This would suggest the following paradox: at the very moment when the phantasm, the psychoanalytical object par excellence, is discovered, it is in danger of seeing its true nature obscured by the emphasis on an endogenous reality, sexuality, which is itself supposed to be in conflict with a normative, prohibitory external reality, which imposes on it various disguises. We have indeed the phantasm, in the sense of a product of the imagination, but we have lost the structure. Inversely, with the seduction theory we had, if not the theory, at least an intuition of the structure (seduction appearing as an almost universal datum, which in any case transcended both the event and, so to speak, its protagonists) but the elaborative powers of the phantasm, however, were, if not unknown, at least underestimated.

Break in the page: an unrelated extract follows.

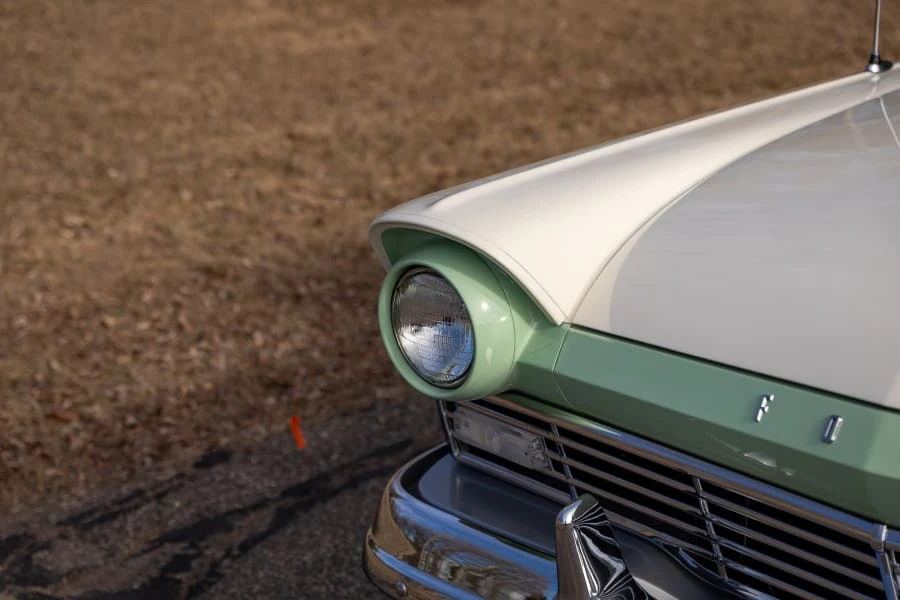 1957 Ford Country Squire - Image 11 of 31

It would be taking a very limited view to describe as follows the evolution of Freud’s ideas during the period around 1897: from historical foundation of the symptoms to the establishment of an ultimately biological theory, summed up in the causal sequence, sexual constitution → fantasy → symptom. Freud only makes this theory entirely his own when he is forced to present his aetiological views in a systematic fashion. If we intended, which we do not, to present a step-by-step account of the development of his thought, we should have to distinguish at least two other currents in this central period.
The one derives from the fresh understanding of the phantasm which is effective from 1896 onwards: the phantasm is not merely the material to be analysed, whether it offers itself at once as fiction (as in daydreaming) or whether it remains to be shown that it is a construct established in contradiction to appearances (as in a screen-memory); it is also the result of analysis, an end-product, a latent content to be revealed behind the symptom. From mnesic symbol of trauma, the symptom has become the mise en scène of the phantasm (thus a phantasm of prostitution, of street-walking, might be discovered beneath the symptom of agoraphobia).

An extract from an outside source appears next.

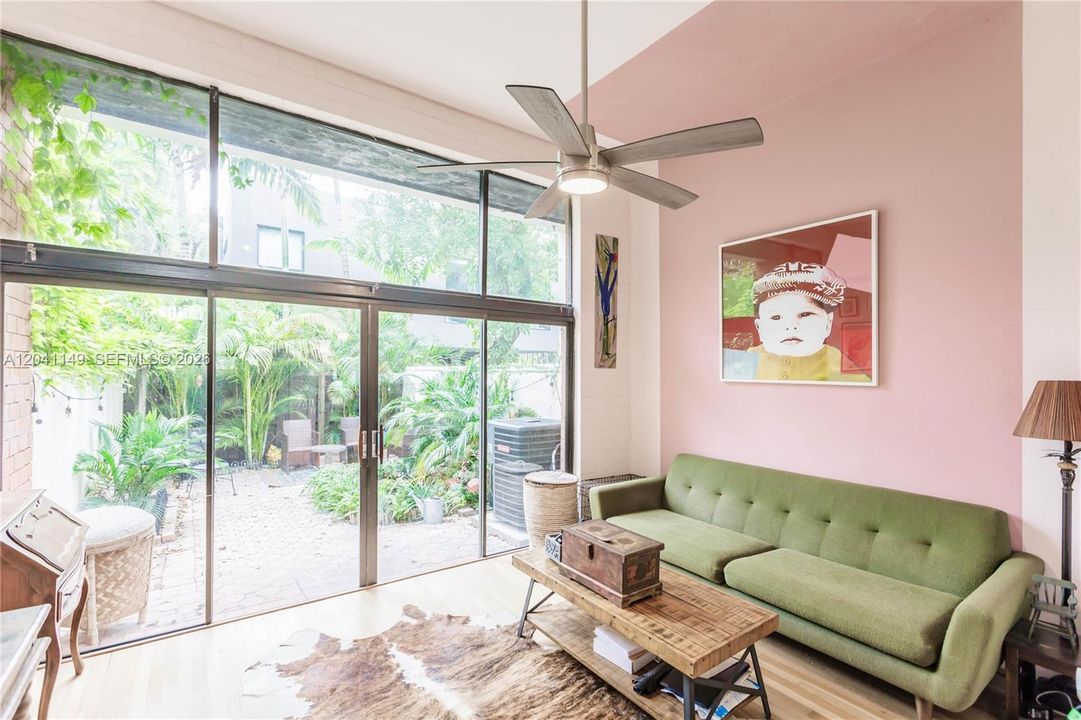 For Sale: $739,000 (2 beds, 2 baths, 895 Square Feet)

Freud now starts to explore the field of these phantasms, to make an inventory, and to describe their most typical forms. Phantasms are now approached from two aspects at once, both as manifest data and latent content; and, located thus at the crossroads, they acquire in due course the consistency of an object, the specific object of psychoanalysis. Henceforward analysis will continue to treat fantasy as psychical reality whilst exploring its variants and above all analysing its processes and structure. Between 1897 and 1906 appear all the great works which explore the mechanisms of the unconscious, that is to say, the transformations (in the geometric sense of the word) of fantasy, namely, The Interpretation of Dreams (1900), The Psychopathology of Everyday Life (1901), Jokes and their Relation to the Unconscious (1905).
But, and here is the third current, from the beginning the development of Freudian research and psychoanalytic treatment display a regressive tendency towards the origin, the foundation of the symptom and the neurotic organization of the personality. If the phantasm is shown to be an autonomous, consistent and explorable field, it leaves untouched the question of its own origin, not only with regard to structure, but also to content and to its most concrete details. In this sense nothing has changed, and the chronological search, the going backwards in time towards the first real, verifiable elements, is still the guiding principle of Freud’s practice.

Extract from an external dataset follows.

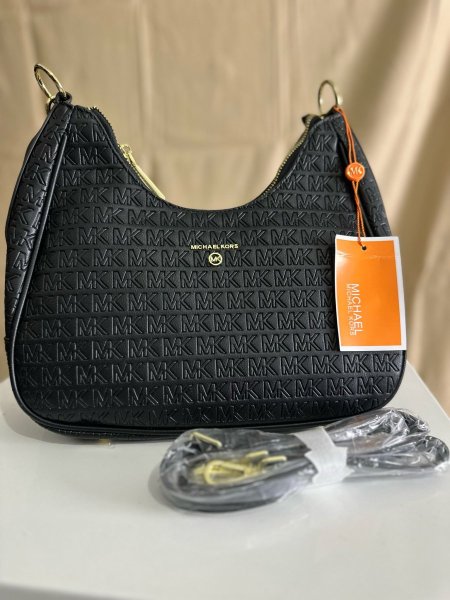 شنط \ Mishael kors Medium - Black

Speaking of one of his patients, he writes in 1899:
Buried deep beneath all his fantasies we found a scene from his primal period (before twenty-two months) which meets all requirements and into which all the still unresolved puzzles flow (Letter 126).
A little later we come across these lines, eloquent of his passion for investigation, pursued ever deeper and with certainty of success, and the resort to a third person, if necessary, to verify the accuracy of his enquiry:
In the evenings I read prehistory, etc., without any serious purpose [our italics], and otherwise my only concern is to lead my cases calmly towards solution. ... In E’s case the second real scene is again rising to the surface, and it is one that it may perhaps be possible to confirm objectively by asking his elder sister. Behind it there is a third, long-suspected scene. . . . (Letter 127).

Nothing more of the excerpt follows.